海岸の新たな楽しみ方を地元クリエーターが提案 波と光のインスタレーション「NIGHT WAVE」
街の人に参加してもらう「メディアアート」
――石多さんはこれまで「メディアーツ逗子」などのアートイベントを手がけていらっしゃいますが、どんなきっかけで逗子での活動を始めたのでしょうか。
以前は東京に住んでいたんですが、その後一時期イギリスにいて、帰国してから、自然環境があって、都内にも出やすい逗子に住み始めました。

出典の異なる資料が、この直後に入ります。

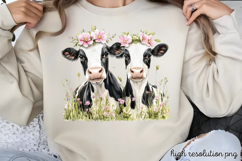 Mothers Day Animals Clipart PNG Product Image 1
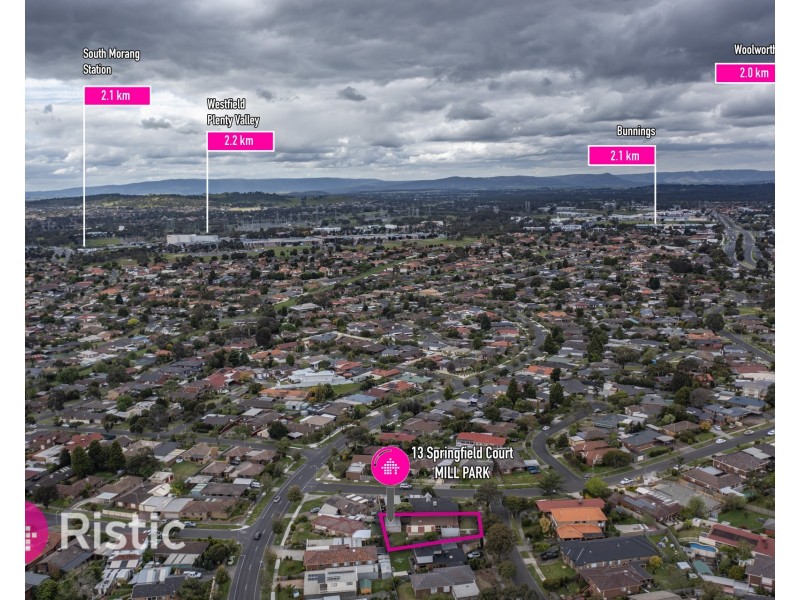 13 Springfield Court, Mill Park VIC 3082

帰国後はプロジェクションマッピングの仕事をしたいとずっと考えていたんですが、たまたま逗子小学校の校長先生とお会いして、学校で子どもたちに見せられる企画をやりたいと声をかけていただいたのが、最初のスタートだったんですね。
逗子は美術館がなく、ギャラリーも少ないので、それなら街の中にクリエーターがアイデアを落とし込んでいくほうが面白いと、翌年からはフェスティバル形式に変えて、メディアアートのフェスティバルを開催しました。
最初は地元の人たちもプロジェクションマッピングなんてよく分からない、という感じでしたが、だんだん話題になってきて、人が集まっているのを市民も行政の方たちなども認識してくれたんですね。加えて、商店街の人たちにも前向きに参加してもらえるように、広報面で工夫をしました。一軒一軒のお店にアートと関わるコピーを付けて、個別のポスターを作ったんです。コピーライターに半ば千本ノックのような感じで制作をお願いしたんですが、街の人もけっこう面白がってくれて、ポスターを見るためだけに街を回遊してくれるような仕掛けにもなりました。
地元の理解を得るようにしないと、地域のイベントはなかなか成功しないと思うので、そこは時間と労力をかけても、地道に取り組むようにしました。そういう土壌があったから、NIGHT WAVEプロジェクトはうまくスピード感を持って広げられているんだと思います。